Monday, April 22, 2019

Article on Daisy Neves Appears in Il Centro Newspaper of Abruzzo





I am very grateful to Antonio Bini for sending a copy of the article by Walter Teti which appeared last week in Il Centro, the newspaper of Abruzzo, Italy.  What follows is my translation of the article. 

Goodbye to Daisy, Missionary of the Holy Face.  She Brought the Holy Face to the USA and the Philippines

by Walter Teti

The faithful devoted to the Holy Face are shedding tears upon the death of Mrs. Daisy Neves, born in 1938 in the Philippines and immigrant as a young child with her family to Bellevue, Washington state, in the USA.  Coming to know of the Holy Face upon reading an article about the pilgrimage of Pope Benedict XVI to Manoppello, she immediately became fervently devoted to the Sacred Icon and worked for the promotion of knowledge of it. 

Daisy proposed to the rector of the Basilica of Manoppello, Fr. Carmine Cucinelli, the first international missions to the United States, Canada and the Philippines, to the cities of Los Angeles, Las Vegas, San Francisco, Vancouver and Manila, which resulted in the enthronements of the Image of the Holy Face in churches of those localities.  The first enthronement occurred in 2014 at Nampicuan in the Philippines, which today is the goal of Christians from throughout Asia.

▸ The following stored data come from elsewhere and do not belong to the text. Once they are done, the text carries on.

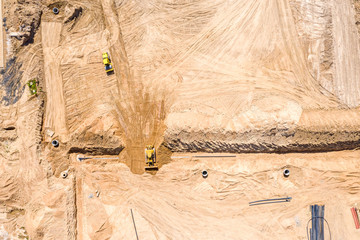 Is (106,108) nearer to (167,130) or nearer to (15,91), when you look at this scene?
(167,130)

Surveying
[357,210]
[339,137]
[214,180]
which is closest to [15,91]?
[214,180]

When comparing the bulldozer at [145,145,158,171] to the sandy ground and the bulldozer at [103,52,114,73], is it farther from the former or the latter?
the bulldozer at [103,52,114,73]

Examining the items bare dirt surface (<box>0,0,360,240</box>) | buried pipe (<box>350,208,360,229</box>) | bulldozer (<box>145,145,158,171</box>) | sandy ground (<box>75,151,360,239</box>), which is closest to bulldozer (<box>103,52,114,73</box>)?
bare dirt surface (<box>0,0,360,240</box>)

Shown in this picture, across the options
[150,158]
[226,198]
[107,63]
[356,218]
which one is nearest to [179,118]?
[150,158]

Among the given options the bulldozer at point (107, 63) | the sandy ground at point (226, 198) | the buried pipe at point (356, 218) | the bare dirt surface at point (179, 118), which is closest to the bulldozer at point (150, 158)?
the bare dirt surface at point (179, 118)

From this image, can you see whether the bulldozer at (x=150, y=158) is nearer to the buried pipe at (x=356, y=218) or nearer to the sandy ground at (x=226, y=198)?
the sandy ground at (x=226, y=198) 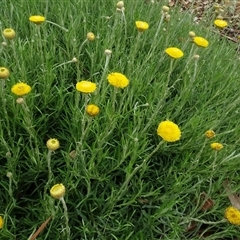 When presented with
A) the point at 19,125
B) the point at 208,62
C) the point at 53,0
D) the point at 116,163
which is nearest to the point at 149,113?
the point at 116,163

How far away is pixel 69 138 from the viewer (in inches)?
67.9

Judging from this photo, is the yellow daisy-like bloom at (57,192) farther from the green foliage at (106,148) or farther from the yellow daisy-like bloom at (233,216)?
the yellow daisy-like bloom at (233,216)

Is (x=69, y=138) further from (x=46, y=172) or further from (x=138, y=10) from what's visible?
(x=138, y=10)

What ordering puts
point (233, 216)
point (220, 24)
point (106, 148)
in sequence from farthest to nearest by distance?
point (220, 24)
point (106, 148)
point (233, 216)

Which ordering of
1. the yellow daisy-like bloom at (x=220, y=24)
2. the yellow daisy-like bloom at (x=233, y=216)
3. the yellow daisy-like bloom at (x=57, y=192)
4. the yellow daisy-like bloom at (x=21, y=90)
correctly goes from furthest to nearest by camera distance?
the yellow daisy-like bloom at (x=220, y=24)
the yellow daisy-like bloom at (x=233, y=216)
the yellow daisy-like bloom at (x=21, y=90)
the yellow daisy-like bloom at (x=57, y=192)

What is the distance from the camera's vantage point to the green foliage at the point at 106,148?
1.57m

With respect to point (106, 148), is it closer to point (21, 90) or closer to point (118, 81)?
point (118, 81)

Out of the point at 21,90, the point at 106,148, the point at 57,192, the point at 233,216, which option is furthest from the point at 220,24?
the point at 57,192

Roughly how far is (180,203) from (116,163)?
1.14 ft

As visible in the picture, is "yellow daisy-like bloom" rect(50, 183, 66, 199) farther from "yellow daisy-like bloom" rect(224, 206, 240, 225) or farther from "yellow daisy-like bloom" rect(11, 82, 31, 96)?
"yellow daisy-like bloom" rect(224, 206, 240, 225)

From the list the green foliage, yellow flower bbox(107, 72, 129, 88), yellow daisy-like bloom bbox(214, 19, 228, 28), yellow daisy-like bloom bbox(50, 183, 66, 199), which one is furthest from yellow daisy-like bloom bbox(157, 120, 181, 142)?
yellow daisy-like bloom bbox(214, 19, 228, 28)

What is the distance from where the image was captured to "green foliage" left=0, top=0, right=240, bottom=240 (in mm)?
1565

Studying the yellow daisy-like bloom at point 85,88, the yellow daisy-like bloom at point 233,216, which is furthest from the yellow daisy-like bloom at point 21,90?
the yellow daisy-like bloom at point 233,216

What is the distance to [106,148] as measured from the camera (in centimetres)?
174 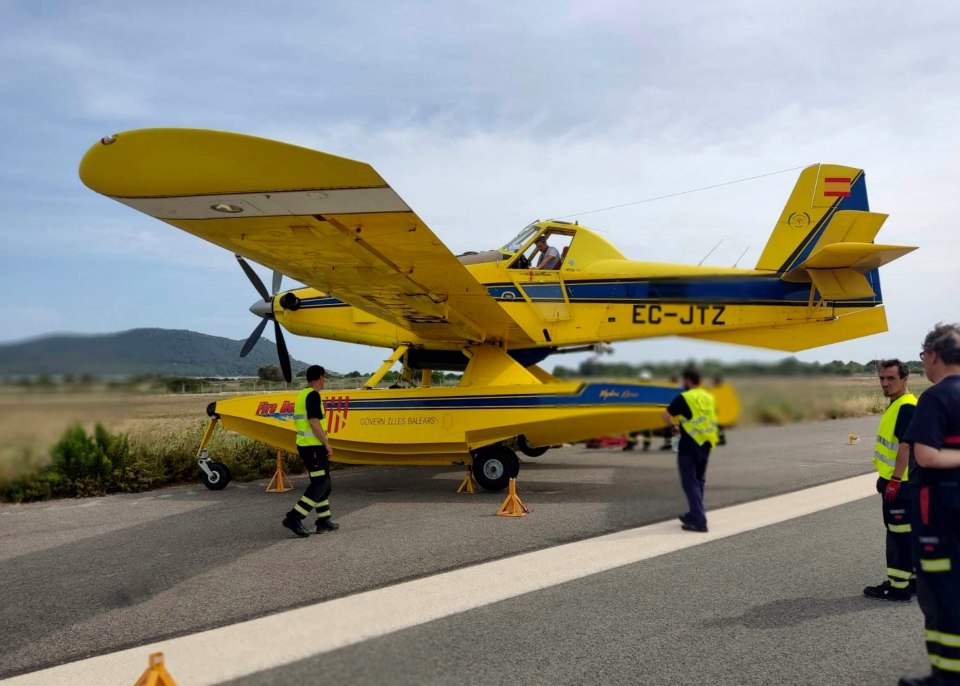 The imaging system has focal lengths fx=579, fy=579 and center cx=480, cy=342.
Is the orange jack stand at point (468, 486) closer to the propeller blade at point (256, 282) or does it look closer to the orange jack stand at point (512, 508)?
the orange jack stand at point (512, 508)

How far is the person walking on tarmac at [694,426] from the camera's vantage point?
1.90 m

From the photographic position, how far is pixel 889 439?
186 inches

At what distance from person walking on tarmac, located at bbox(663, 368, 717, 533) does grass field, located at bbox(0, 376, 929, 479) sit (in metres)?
0.10

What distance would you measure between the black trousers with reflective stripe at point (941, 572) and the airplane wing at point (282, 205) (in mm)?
4145

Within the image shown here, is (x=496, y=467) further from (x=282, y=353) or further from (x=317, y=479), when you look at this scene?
(x=282, y=353)

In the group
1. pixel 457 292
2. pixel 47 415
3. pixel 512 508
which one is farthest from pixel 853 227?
pixel 512 508

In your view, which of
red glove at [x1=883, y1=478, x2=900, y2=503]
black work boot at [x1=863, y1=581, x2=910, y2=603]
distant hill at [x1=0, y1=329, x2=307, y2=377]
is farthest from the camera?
black work boot at [x1=863, y1=581, x2=910, y2=603]

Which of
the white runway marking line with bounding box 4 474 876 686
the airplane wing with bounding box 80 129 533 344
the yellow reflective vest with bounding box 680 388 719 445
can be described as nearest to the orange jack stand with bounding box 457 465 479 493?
the airplane wing with bounding box 80 129 533 344

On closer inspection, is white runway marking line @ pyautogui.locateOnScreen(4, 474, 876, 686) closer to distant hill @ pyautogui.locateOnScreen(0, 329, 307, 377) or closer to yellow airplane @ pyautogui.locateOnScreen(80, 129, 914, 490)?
yellow airplane @ pyautogui.locateOnScreen(80, 129, 914, 490)

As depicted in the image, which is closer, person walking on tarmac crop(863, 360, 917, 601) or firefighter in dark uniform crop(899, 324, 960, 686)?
firefighter in dark uniform crop(899, 324, 960, 686)

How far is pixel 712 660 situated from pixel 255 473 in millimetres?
10130

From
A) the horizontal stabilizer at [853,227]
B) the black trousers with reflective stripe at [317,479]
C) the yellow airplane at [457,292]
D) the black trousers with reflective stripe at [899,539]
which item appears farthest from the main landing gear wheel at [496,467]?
the horizontal stabilizer at [853,227]

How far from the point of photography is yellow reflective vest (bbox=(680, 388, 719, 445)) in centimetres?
190

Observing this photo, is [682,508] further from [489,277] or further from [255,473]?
[255,473] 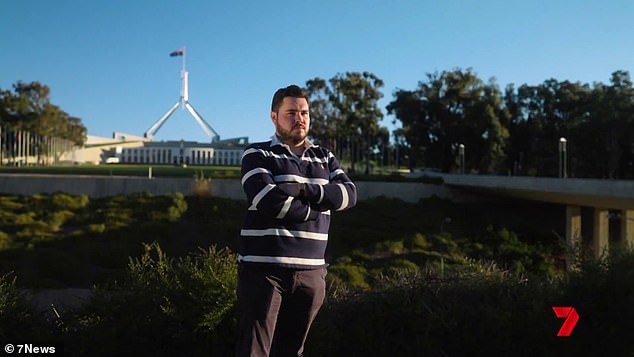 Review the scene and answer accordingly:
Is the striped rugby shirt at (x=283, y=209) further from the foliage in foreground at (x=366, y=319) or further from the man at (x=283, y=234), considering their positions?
the foliage in foreground at (x=366, y=319)

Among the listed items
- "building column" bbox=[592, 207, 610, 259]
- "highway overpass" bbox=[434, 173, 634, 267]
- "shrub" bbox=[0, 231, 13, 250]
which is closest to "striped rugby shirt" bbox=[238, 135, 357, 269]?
"highway overpass" bbox=[434, 173, 634, 267]

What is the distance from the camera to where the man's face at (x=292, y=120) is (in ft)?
9.30

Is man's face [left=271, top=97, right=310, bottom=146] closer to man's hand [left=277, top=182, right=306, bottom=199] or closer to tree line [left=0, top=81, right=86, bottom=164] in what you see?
man's hand [left=277, top=182, right=306, bottom=199]

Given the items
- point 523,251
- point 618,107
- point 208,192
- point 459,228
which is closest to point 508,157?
point 618,107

Daisy died as a result of an illness which appeared during the period in which she began to spread in the world knowledge and devotion to the Holy Face.  A very aggressive illness, with which she lived for more than five years, so much so that she came to say that the Holy Face prolonged her life. 

"The world has become poorer", wrote Fr. Carmine in his funeral message to Daisy's relatives.  During her last visit to Manoppello, accompanied by her son, she stayed at the Pilgrim Hotel adjacent to the Basilica.  She wished to spend a week in contemplation of the Face of Jesus.  Until just a few days before returning to the Lord she contemplated the Holy Face on a video she made with her cellphone. 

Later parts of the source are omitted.